*** Data under study Section Begins ***
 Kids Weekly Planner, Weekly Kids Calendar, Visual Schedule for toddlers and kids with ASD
*** Data under study Section Ends ***
*** Data under study Section Begins ***
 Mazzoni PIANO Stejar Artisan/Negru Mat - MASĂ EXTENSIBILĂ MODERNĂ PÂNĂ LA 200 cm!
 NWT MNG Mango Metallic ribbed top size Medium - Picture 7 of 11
*** Data under study Section Ends ***
*** Data under study Section Begins ***
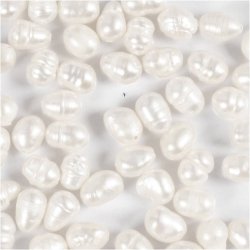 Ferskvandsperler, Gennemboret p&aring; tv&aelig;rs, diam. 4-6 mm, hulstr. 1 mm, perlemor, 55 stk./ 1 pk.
*** Data under study Section Ends ***
-- Your instructions --
Your task is to retype the entries verbatim, starting with the line that holds "Mazzoni PIANO Stejar" and stopping after the line that holds "NWT MNG Mango".

-- Answer --
 Mazzoni PIANO Stejar Artisan/Negru Mat - MASĂ EXTENSIBILĂ MODERNĂ PÂNĂ LA 200 cm!
 NWT MNG Mango Metallic ribbed top size Medium - Picture 7 of 11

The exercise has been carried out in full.